Outzen filed a motion for summary judgment which was granted. The district court concluded that Outzen owed Pullman no duty to remove the snow and ice, and that the UBC was not applicable to the steps. The parties stipulated to the dismissal of the third claim for relief. Pullman appeals.
III. DISCUSSION
A. STANDARD OF REVIEW
Summary judgment is proper, even in negligence cases, when there is no genuine issue of material fact in dispute and the moving party is entitled to judgment as a matter of law. Downen v. Sinclair Oil Corp., 887 P.2d 515, 517-18 (Wyo. 1994). In reviewing a motion for summary judgment, we view the record on appeal in the light most favorable to the party opposing the motion and will accept all favorable inferences in favor of that party that can be drawn from the record. Id. ( quoting Lynch v. Norton Constr., 861 P.2d 1095, 1097 (Wyo. 1993)).
B. NATURAL ACCUMULATION ANALYSIS
In Wyoming, the owner or occupier of premises is not liable for injuries resulting from a slip and fall on a natural accumulation of snow and ice. Eiselein v. K-Mart, Inc., 868 P.2d 893, 897 (Wyo. 1994). Further, we have held that there is no liability when the dangers surrounding such natural accumulation are obvious or are as well known to the plaintiff as the defendant. Sherman v. Platte County, 642 P.2d 787, 789 (Wyo. 1982). Liability attaches only if the owner or occupier creates an unnatural accumulation that is substantially different in volume or course than would naturally occur. Eiselein, 868 P.2d at 898. To prove that an accumulation of snow and ice is unnatural, a plaintiff must show that the defendant created or aggravated the hazard, that the defendant knew or should have known of the hazard, and that the hazardous condition was substantially more dangerous than it would have been in its natural state. Myers v. Forest City Ent., Inc., 92 Ohio App.3d 351, 635 N.E.2d 1268, 1269 (1993).
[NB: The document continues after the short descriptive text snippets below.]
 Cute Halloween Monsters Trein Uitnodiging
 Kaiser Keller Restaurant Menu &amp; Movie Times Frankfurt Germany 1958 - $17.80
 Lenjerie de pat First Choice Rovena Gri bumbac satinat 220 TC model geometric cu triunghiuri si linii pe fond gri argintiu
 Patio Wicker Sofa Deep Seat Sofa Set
The issue in this case is whether pedestrian packed snow and ice on a deck and the steps descending from that deck is a natural accumulation of snow and ice. We conclude that pedestrian packed snow and ice is not substantially more dangerous than snow and ice in its natural state. Therefore, we hold that pedestrian packed snow and ice is a natural accumulation and that an owner or occupier of premises upon which such an accumulation occurs is not liable for injuries incurred as a result of a slip and fall accident on that natural accumulation. Erasmus v. Chicago Housing Authority, 86 Ill. App.3d 142, 41 Ill.Dec. 533, 535, 407 N.E.2d 1031, 1033 (1980). The district court correctly applied the natural accumulation rule in granting summary judgment against Pullman on his first claim for relief.
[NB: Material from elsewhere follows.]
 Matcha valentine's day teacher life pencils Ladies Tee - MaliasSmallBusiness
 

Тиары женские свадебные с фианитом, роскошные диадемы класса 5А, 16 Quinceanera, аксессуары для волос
C. IMPACT OF THE UNIFORM BUILDING CODE
In his second claim for relief, Pullman insisted that Outzen's failure to strictly comply with the UBC constituted negligence per se. We disagree. This court has held, pursuant to Restatement (Second) of Torts § 286 (1965), that a court may , under certain circumstances, adopt as the standard of conduct of a reasonable man the requirements of a legislative enactment. Distad v. Cubin, 633 P.2d 167, 175 (Wyo. 1981). However, if such a standard is not adopted the unexcused violation of the enactment may serve as evidence of negligence. Id. at 176.
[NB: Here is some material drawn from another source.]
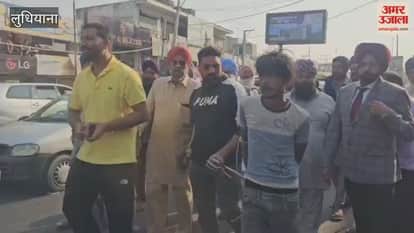 thief was tied with rope and paraded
The UBC violations alleged in this case are irrelevant because the natural accumulation rule eliminated Outzen's duty. See Wicichowski v. Gladieux V. Enterprises, Inc., 54 Ohio App.3d 177, 561 N.E.2d 1012, 1014 (1988) (holding that insubstantial defects should not be actionable unless unreasonably dangerous and rejecting proximate cause arguments in the absence of a duty). Summary judgment was properly granted against Pullman on his second claim for relief.
IV. CONCLUSION
The decision of the district court is affirmed.